▶ TASK BRIEF:
Below are entries with pictures among them; reproduce exactly, and only, the lines from the one containing "Image of Skilled Skateboarder Silhouette" down to the one containing "شتلات لوبيليا روزا ميند LOBELIA ROSAMUND", without the pictures.

▶ MATERIAL FOR THIS EXERCISE:
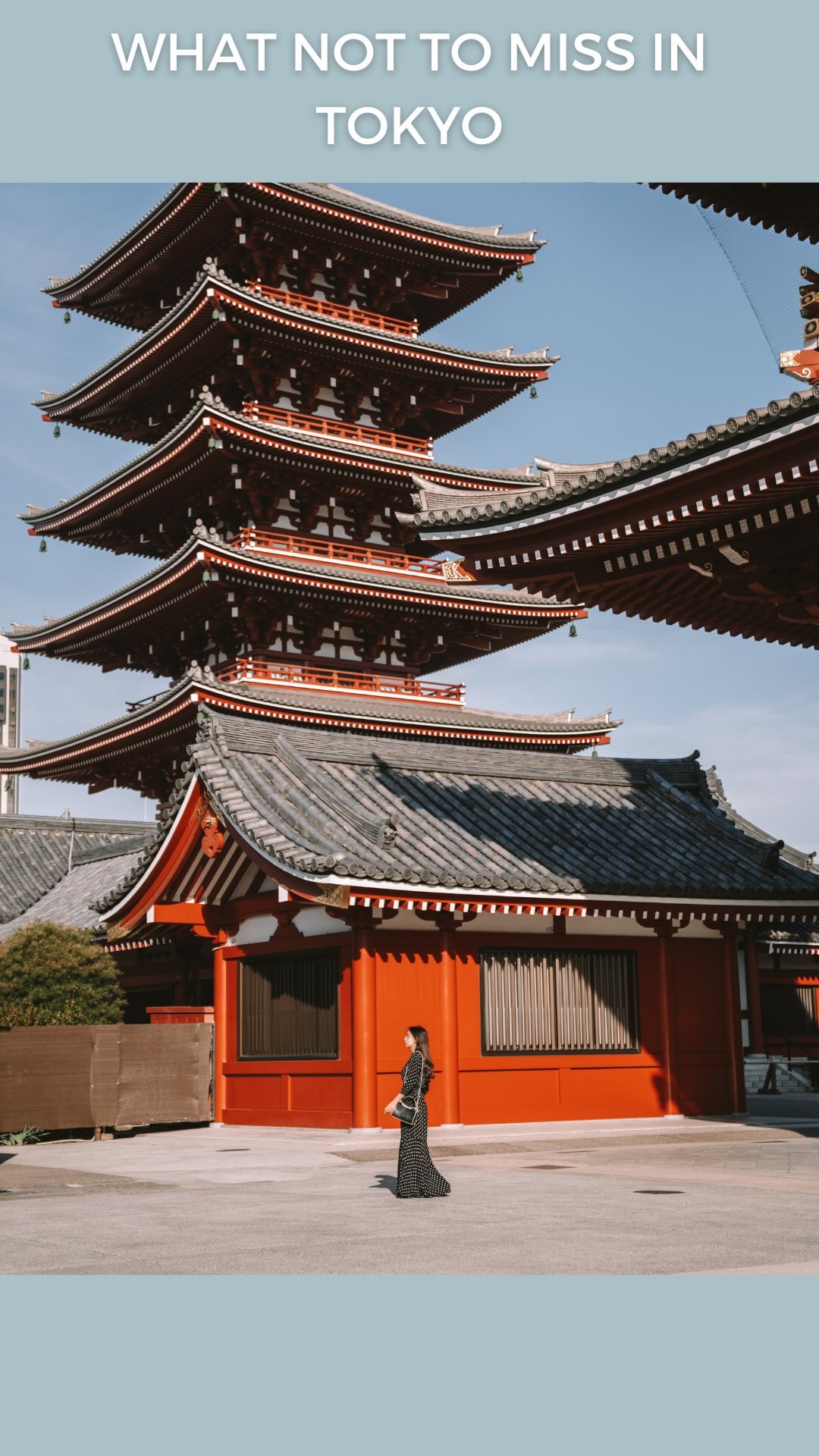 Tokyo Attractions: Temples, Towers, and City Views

--

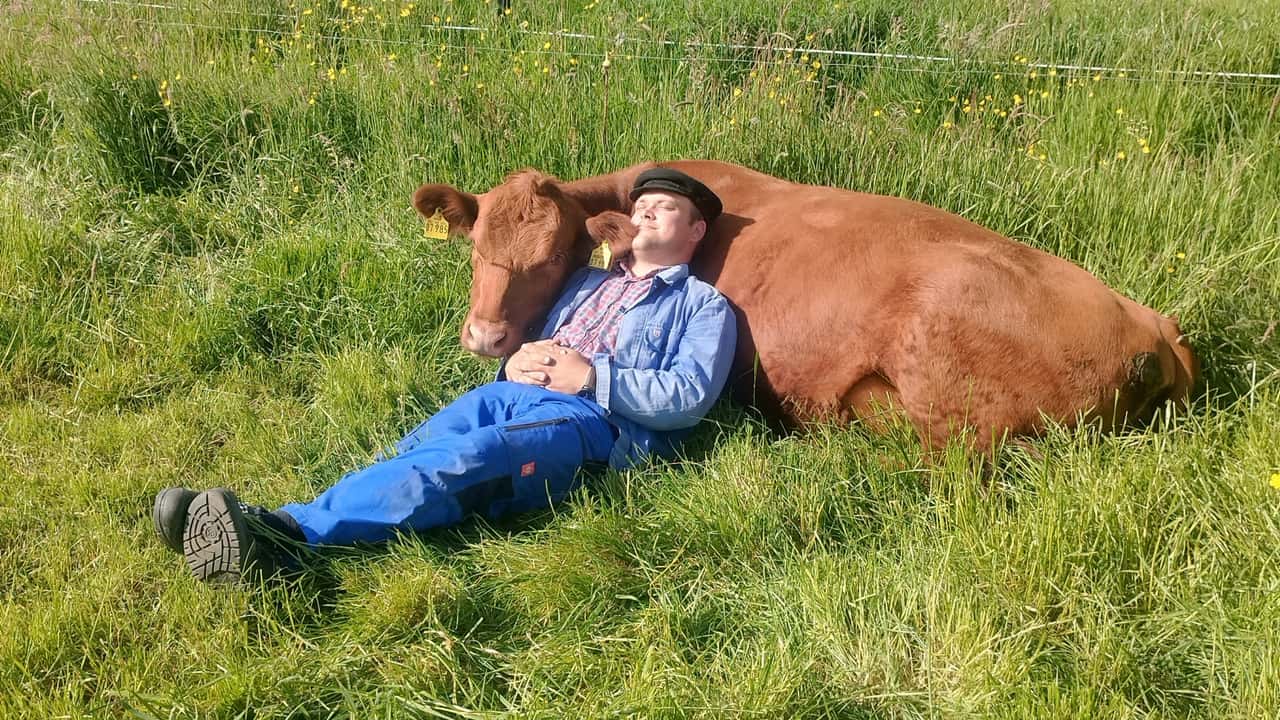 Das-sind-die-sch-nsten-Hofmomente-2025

...

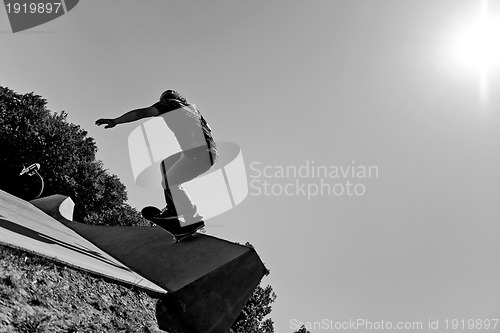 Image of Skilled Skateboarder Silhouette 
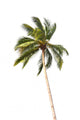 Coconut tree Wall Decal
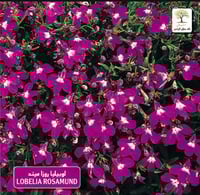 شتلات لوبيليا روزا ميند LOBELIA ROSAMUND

▶ EXPECTED OUTPUT:
 Image of Skilled Skateboarder Silhouette 
 Coconut tree Wall Decal
 شتلات لوبيليا روزا ميند LOBELIA ROSAMUND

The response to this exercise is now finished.